§ DATASET:
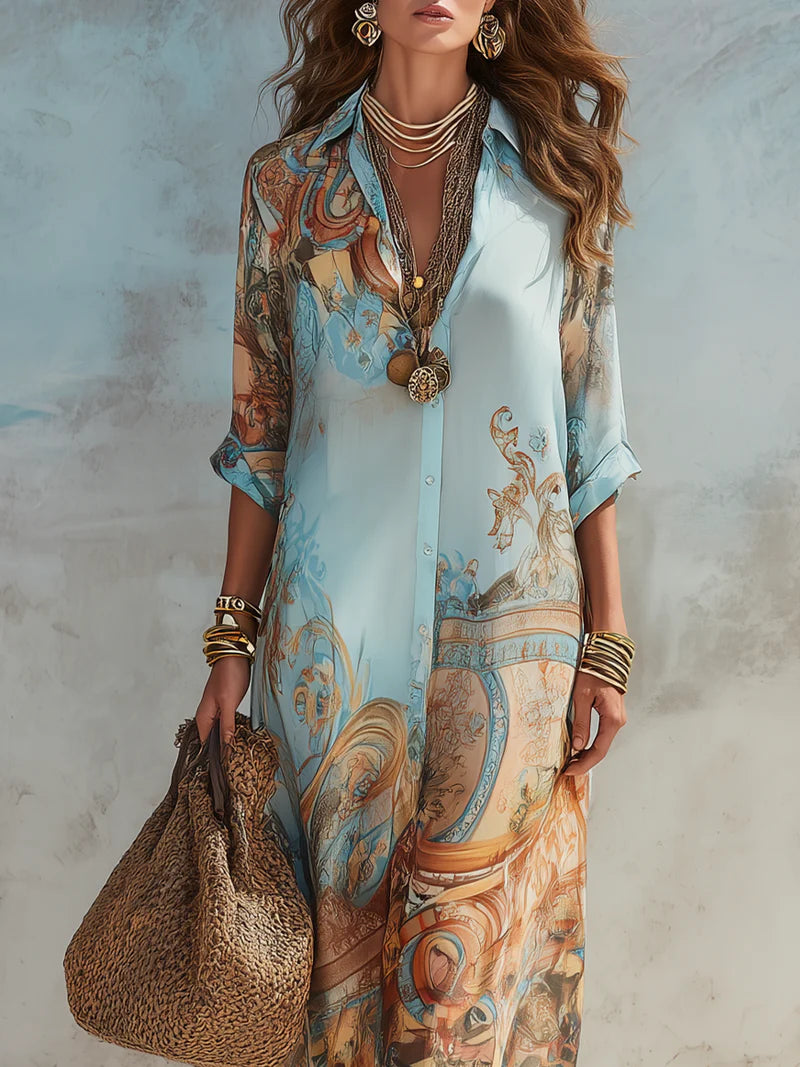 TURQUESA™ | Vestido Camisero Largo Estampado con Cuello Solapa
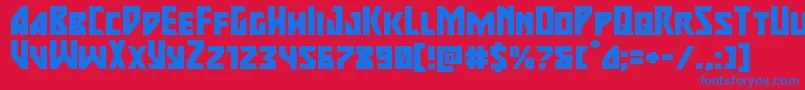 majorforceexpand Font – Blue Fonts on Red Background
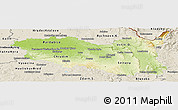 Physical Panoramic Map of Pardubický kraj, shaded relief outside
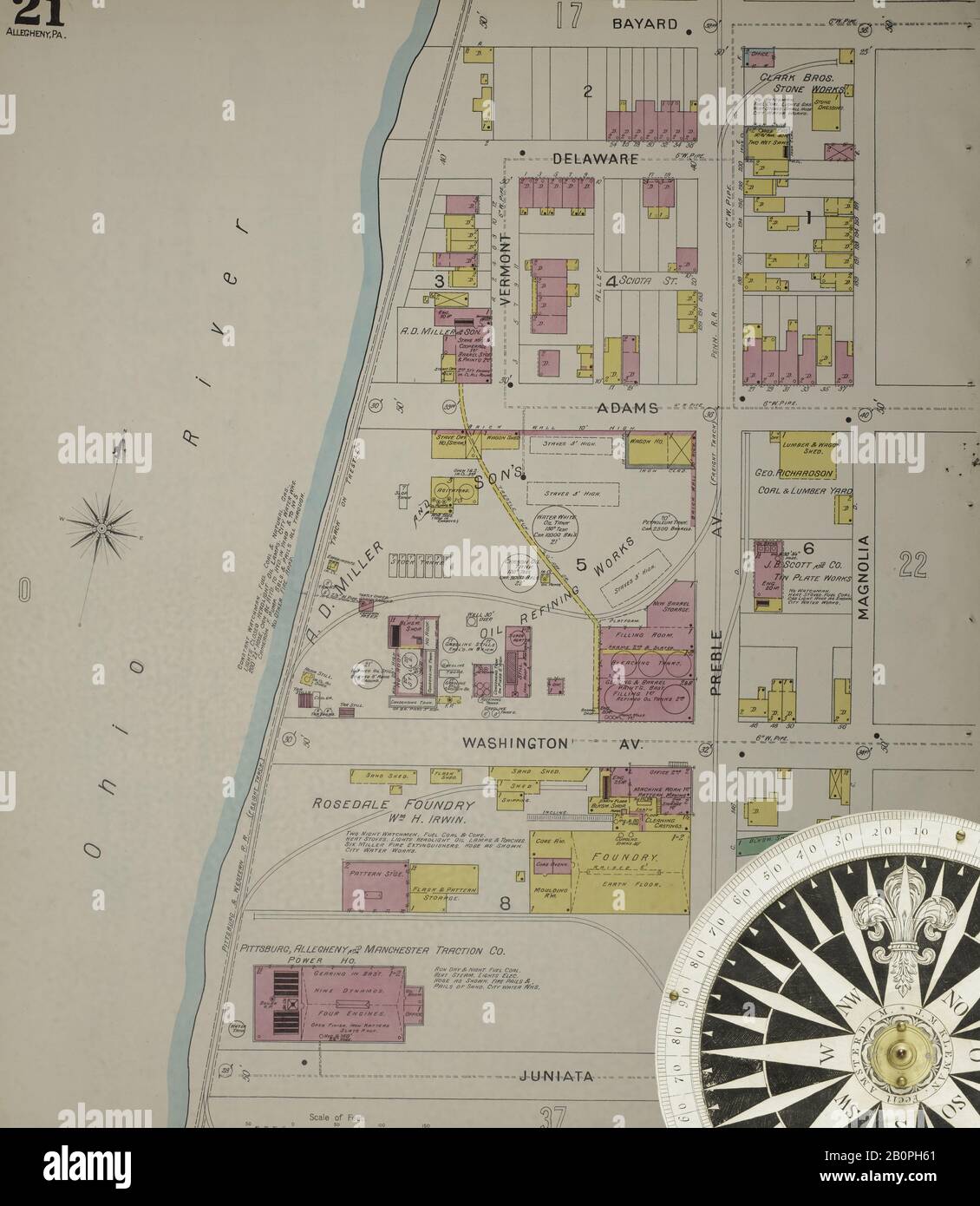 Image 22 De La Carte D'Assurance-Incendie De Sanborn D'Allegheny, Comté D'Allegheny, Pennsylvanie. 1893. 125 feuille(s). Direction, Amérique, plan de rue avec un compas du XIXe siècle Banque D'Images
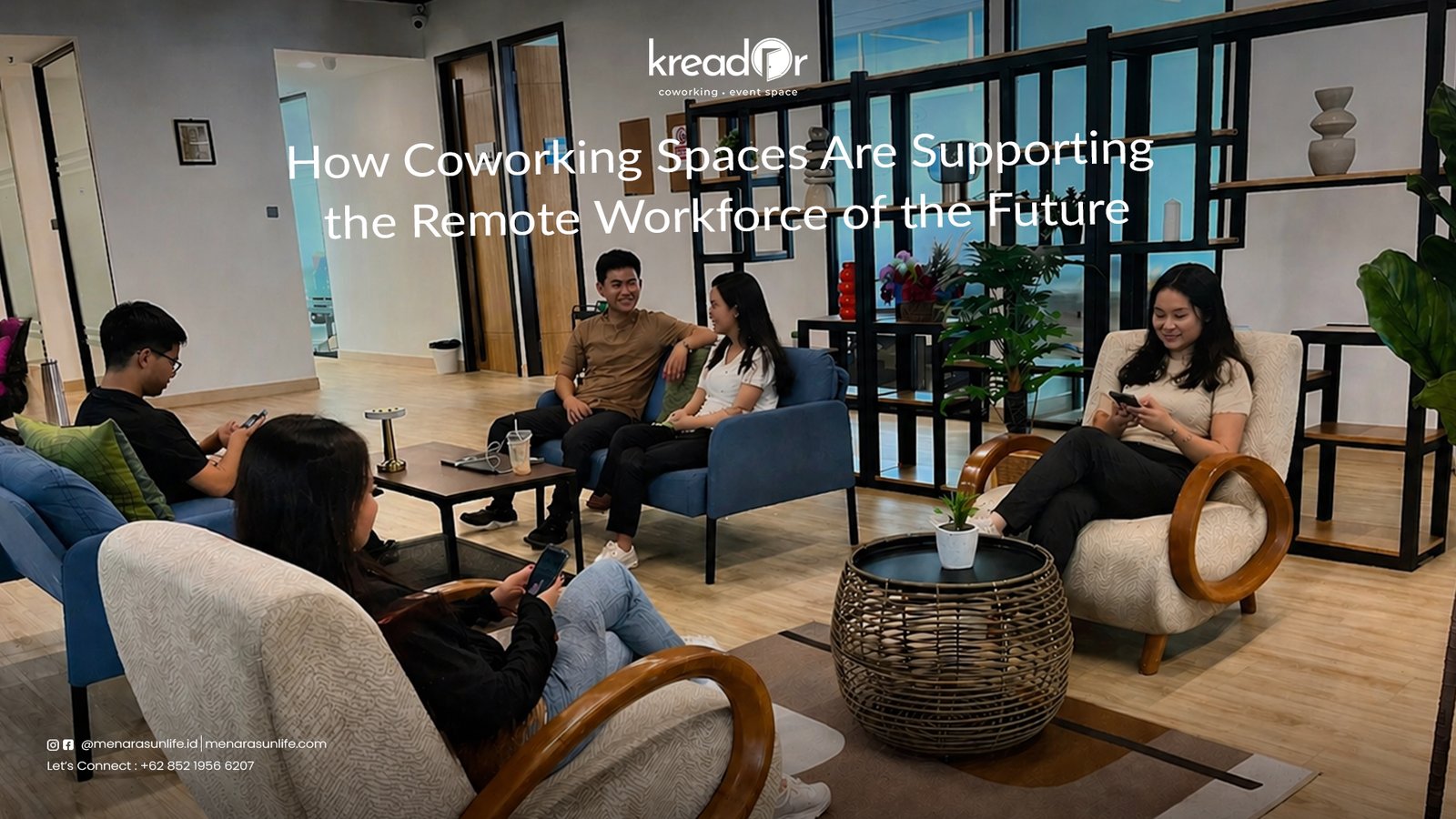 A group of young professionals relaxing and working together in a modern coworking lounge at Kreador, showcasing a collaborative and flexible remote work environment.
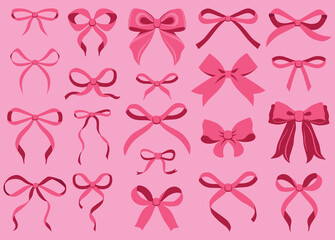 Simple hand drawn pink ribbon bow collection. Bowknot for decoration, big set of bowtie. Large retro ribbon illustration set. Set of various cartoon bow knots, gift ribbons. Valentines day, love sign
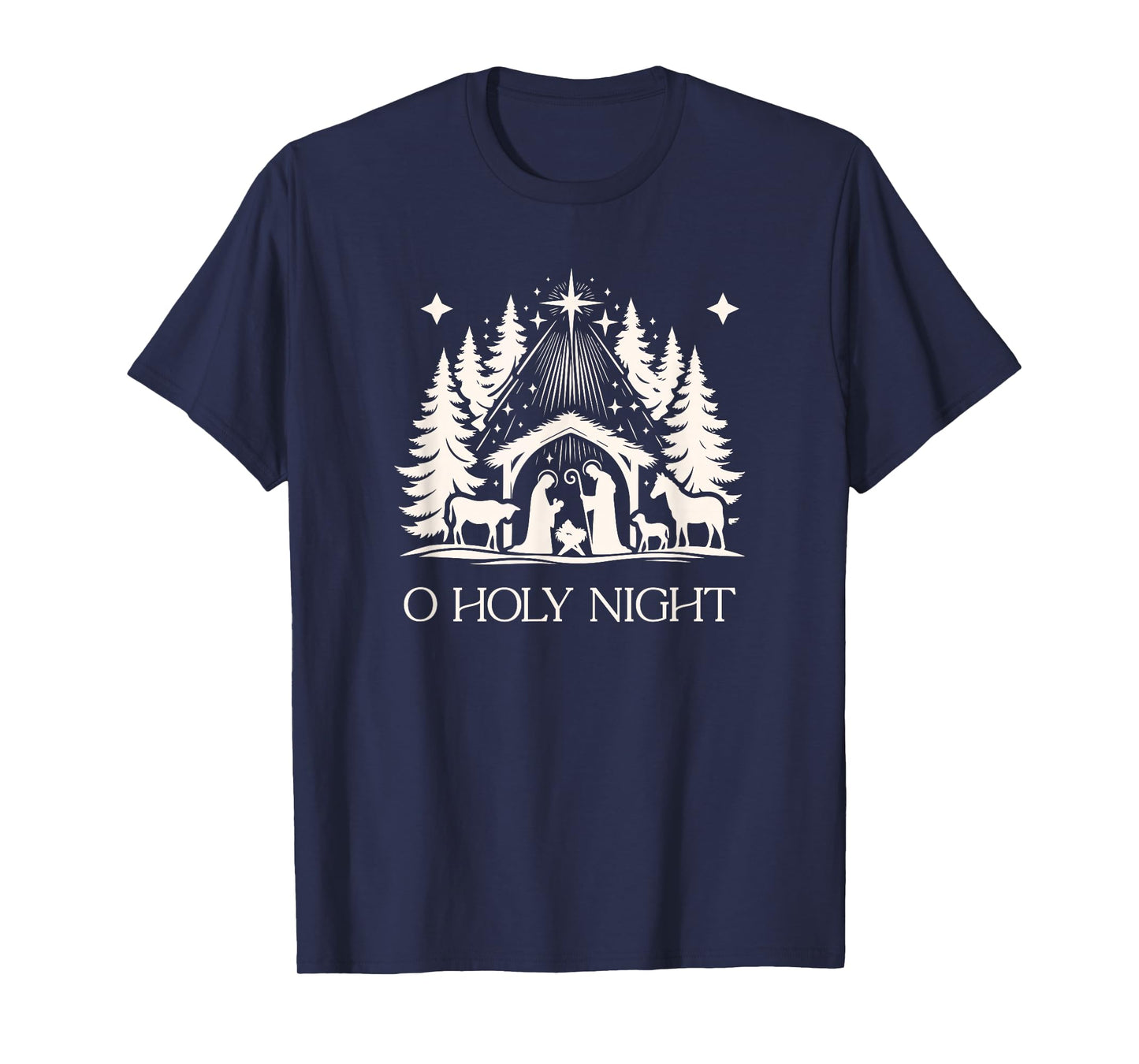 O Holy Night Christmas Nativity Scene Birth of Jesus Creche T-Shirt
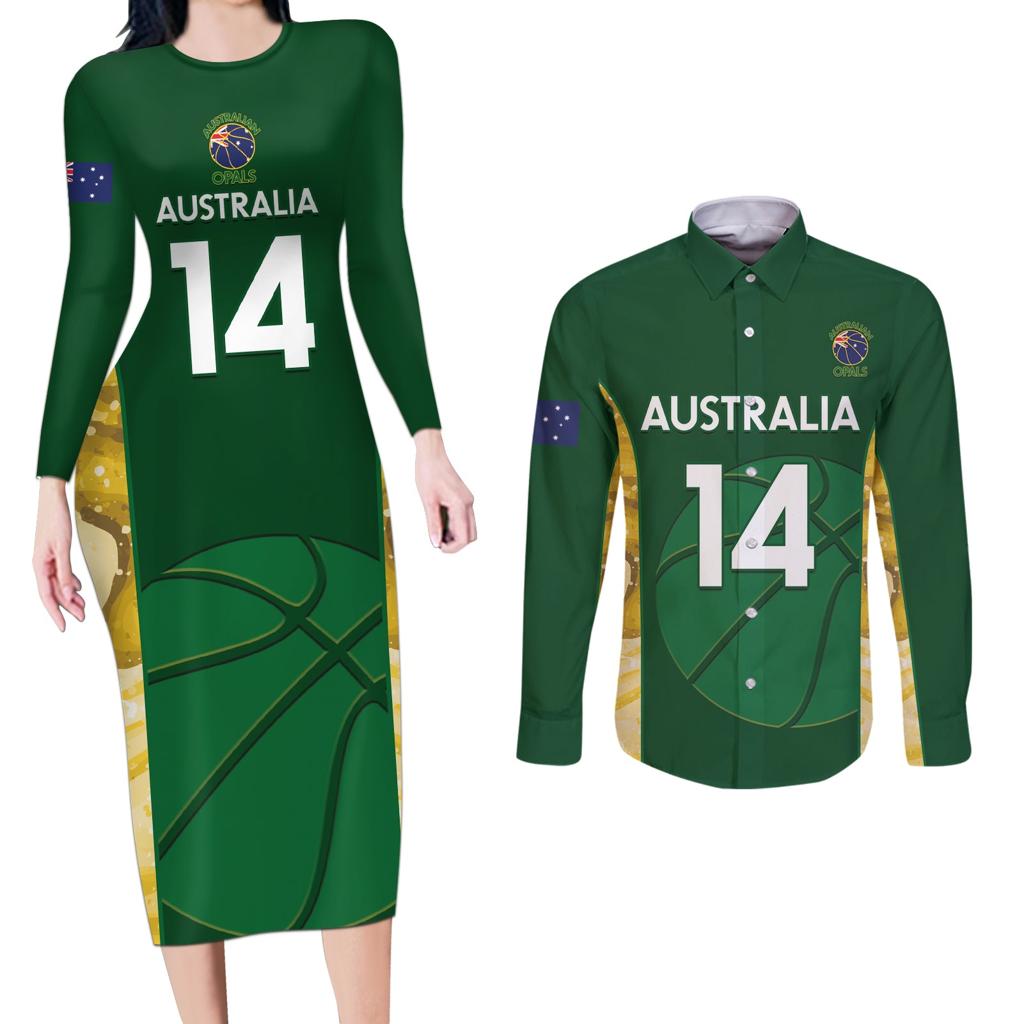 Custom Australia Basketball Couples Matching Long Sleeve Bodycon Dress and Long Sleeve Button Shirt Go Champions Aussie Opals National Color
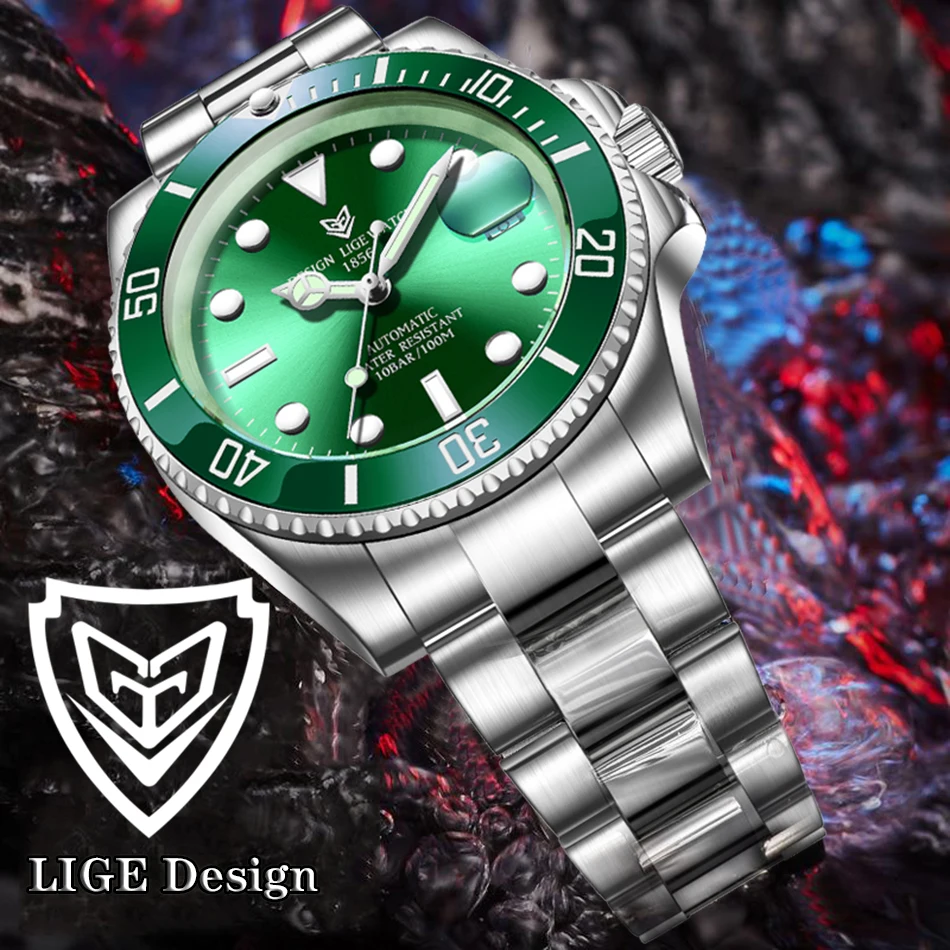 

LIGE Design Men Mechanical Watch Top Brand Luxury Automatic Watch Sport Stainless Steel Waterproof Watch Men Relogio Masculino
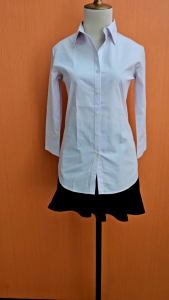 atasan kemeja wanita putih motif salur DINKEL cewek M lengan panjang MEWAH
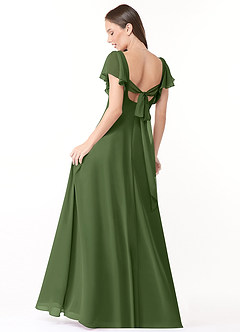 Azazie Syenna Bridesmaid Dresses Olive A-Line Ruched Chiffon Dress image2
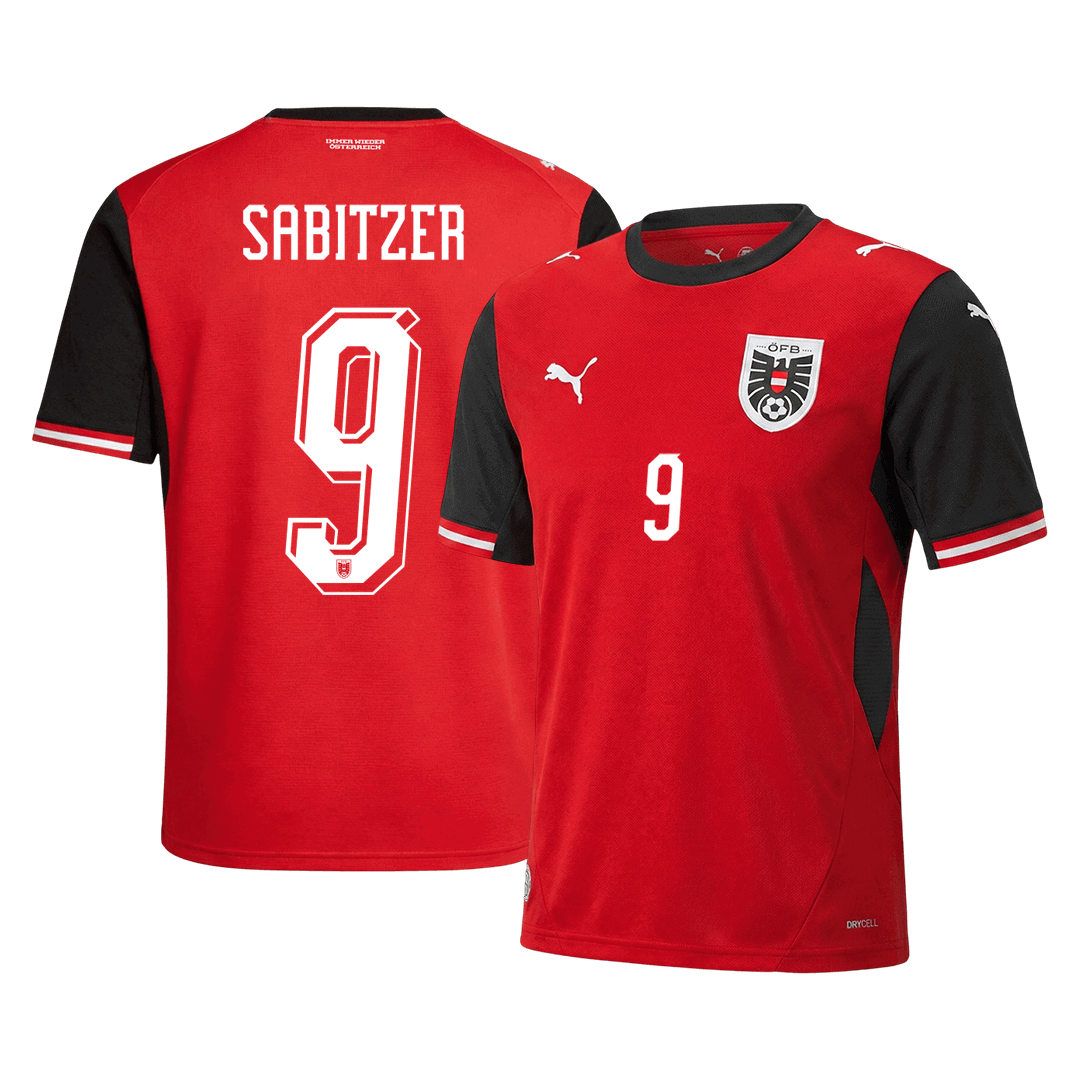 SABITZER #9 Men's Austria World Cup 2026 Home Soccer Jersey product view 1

§ WORK TASK:
Could you give the material again exactly as it stands, omitting any image?

§ SOLUTION:
 TURQUESA™ | Vestido Camisero Largo Estampado con Cuello Solapa
 majorforceexpand Font – Blue Fonts on Red Background
 Physical Panoramic Map of Pardubický kraj, shaded relief outside
 Image 22 De La Carte D'Assurance-Incendie De Sanborn D'Allegheny, Comté D'Allegheny, Pennsylvanie. 1893. 125 feuille(s). Direction, Amérique, plan de rue avec un compas du XIXe siècle Banque D'Images
 A group of young professionals relaxing and working together in a modern coworking lounge at Kreador, showcasing a collaborative and flexible remote work environment.
 Simple hand drawn pink ribbon bow collection. Bowknot for decoration, big set of bowtie. Large retro ribbon illustration set. Set of various cartoon bow knots, gift ribbons. Valentines day, love sign
 O Holy Night Christmas Nativity Scene Birth of Jesus Creche T-Shirt
 Custom Australia Basketball Couples Matching Long Sleeve Bodycon Dress and Long Sleeve Button Shirt Go Champions Aussie Opals National Color

LIGE Design Men Mechanical Watch Top Brand Luxury Automatic Watch Sport Stainless Steel Waterproof Watch Men Relogio Masculino
 atasan kemeja wanita putih motif salur DINKEL cewek M lengan panjang MEWAH
 Azazie Syenna Bridesmaid Dresses Olive A-Line Ruched Chiffon Dress image2
 SABITZER #9 Men's Austria World Cup 2026 Home Soccer Jersey product view 1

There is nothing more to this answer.